[Excerpts from a dataset]
# # # # # # #

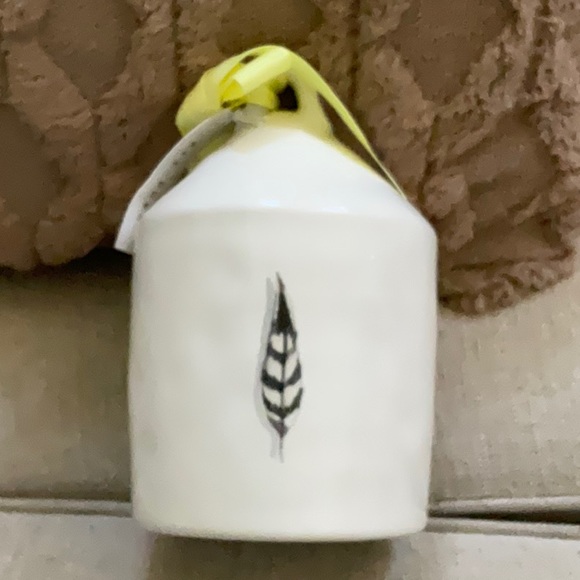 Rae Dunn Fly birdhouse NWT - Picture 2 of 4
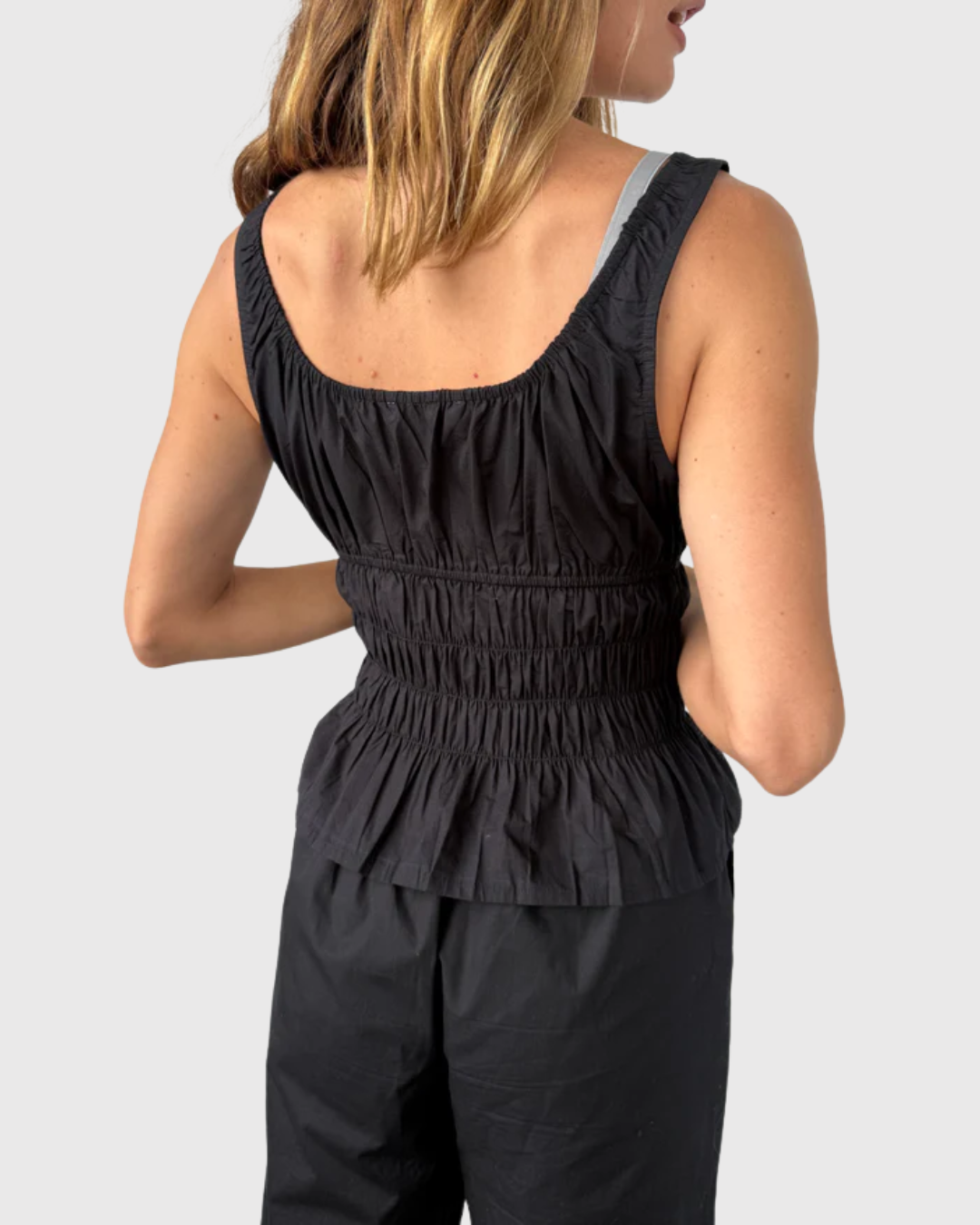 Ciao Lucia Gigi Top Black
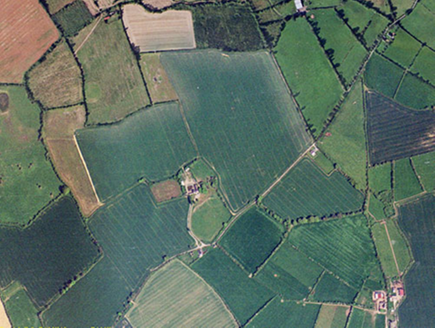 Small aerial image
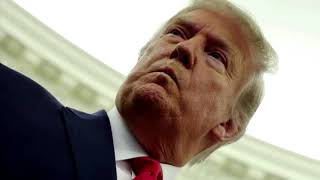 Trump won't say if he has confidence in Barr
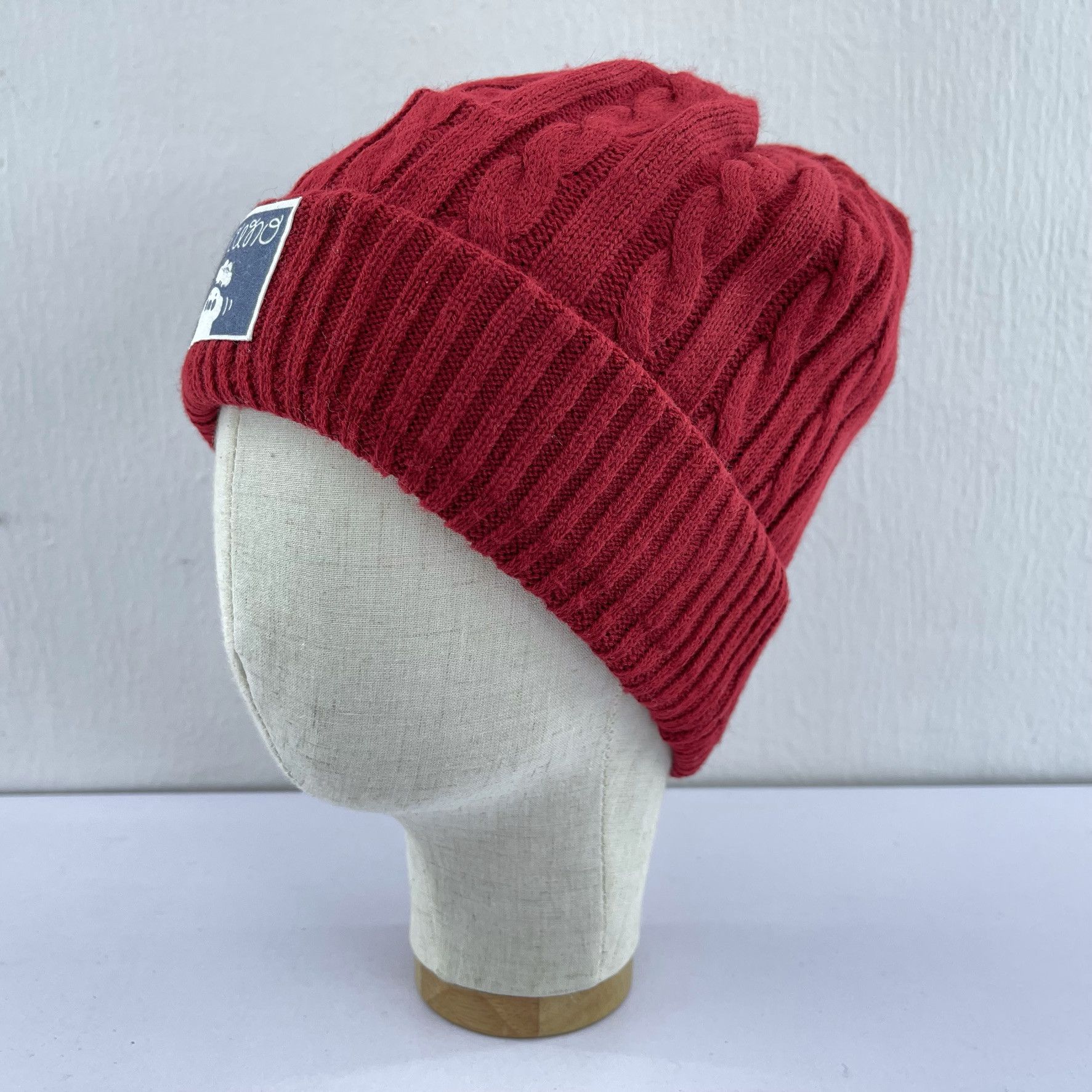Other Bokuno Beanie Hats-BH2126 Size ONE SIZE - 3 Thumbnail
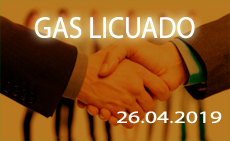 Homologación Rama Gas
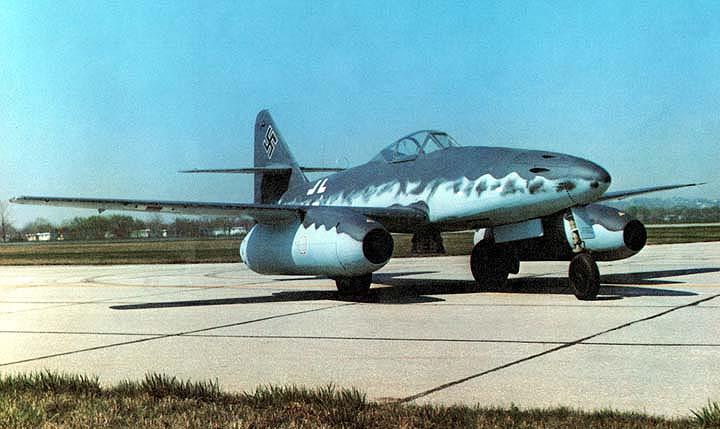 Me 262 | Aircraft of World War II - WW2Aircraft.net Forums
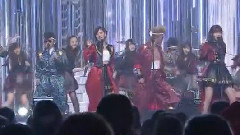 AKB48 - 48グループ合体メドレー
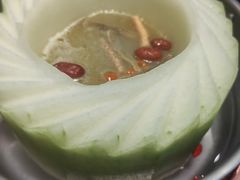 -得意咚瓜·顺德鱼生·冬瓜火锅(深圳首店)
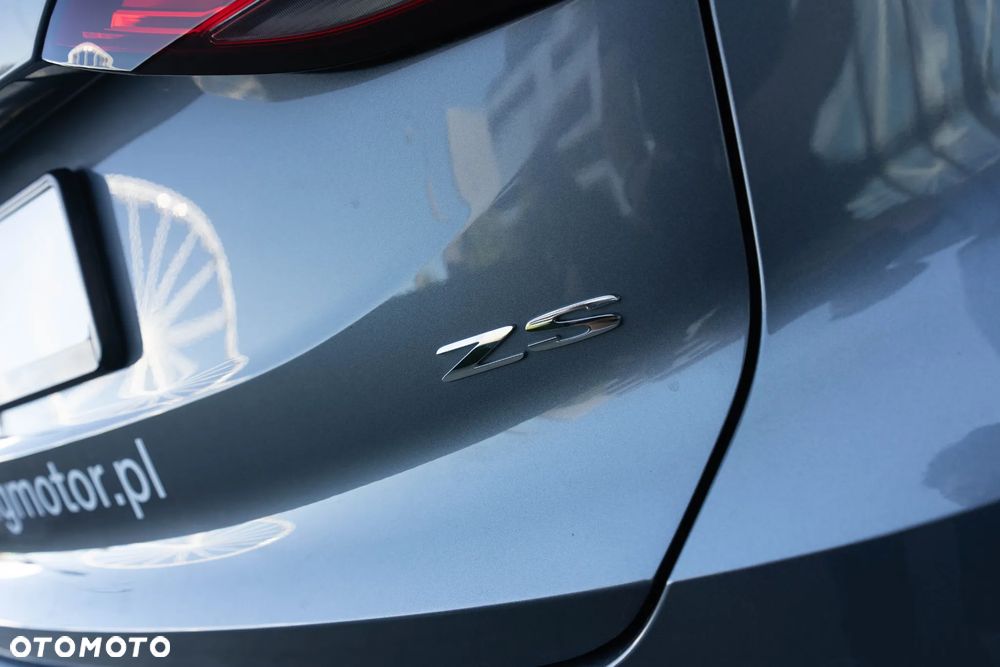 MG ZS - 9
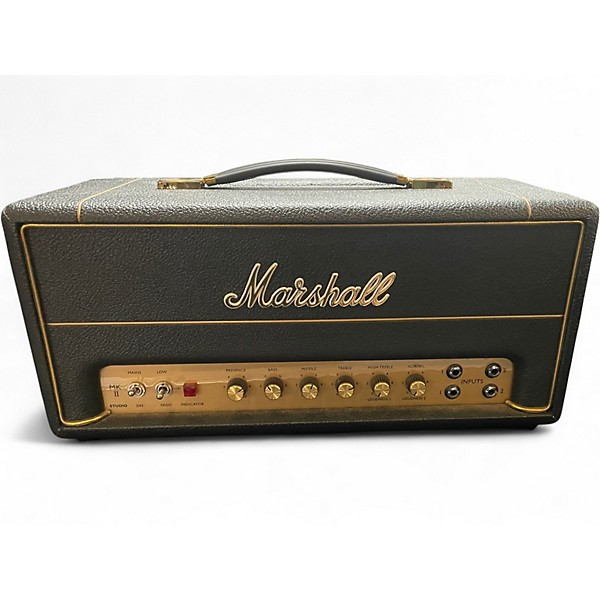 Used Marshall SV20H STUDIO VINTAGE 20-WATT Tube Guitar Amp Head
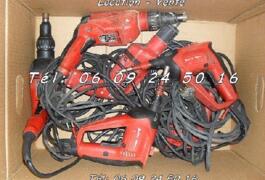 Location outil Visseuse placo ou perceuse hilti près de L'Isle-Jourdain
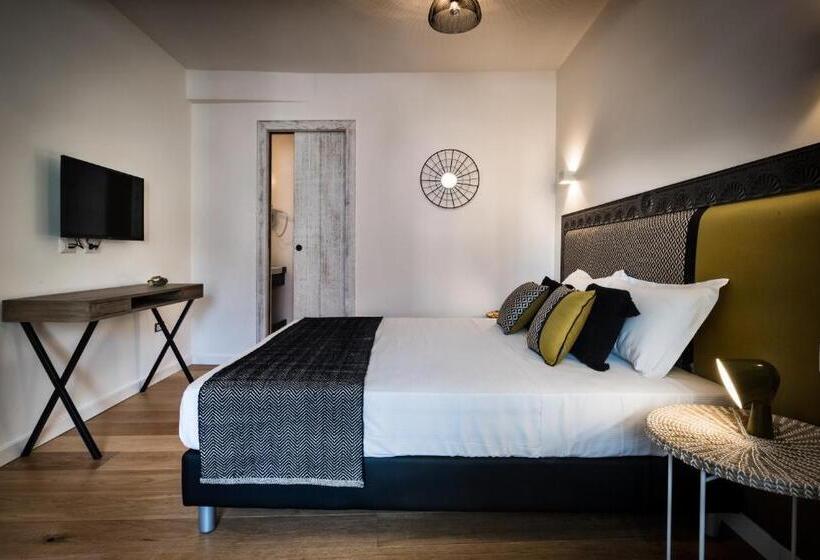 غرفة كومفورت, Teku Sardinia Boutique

# # # # # # #

> Activity
Keep every word of the data as it is when you write it out, but drop the pictures.

> Task solution
 Rae Dunn Fly birdhouse NWT - Picture 2 of 4
 Ciao Lucia Gigi Top Black
 Small aerial image
 Trump won't say if he has confidence in Barr
Other Bokuno Beanie Hats-BH2126 Size ONE SIZE - 3 Thumbnail
 Homologación Rama Gas
 Me 262 | Aircraft of World War II - WW2Aircraft.net Forums
 AKB48 - 48グループ合体メドレー
 -得意咚瓜·顺德鱼生·冬瓜火锅(深圳首店)
 MG ZS - 9
 Used Marshall SV20H STUDIO VINTAGE 20-WATT Tube Guitar Amp Head
 Location outil Visseuse placo ou perceuse hilti près de L'Isle-Jourdain
 غرفة كومفورت, Teku Sardinia Boutique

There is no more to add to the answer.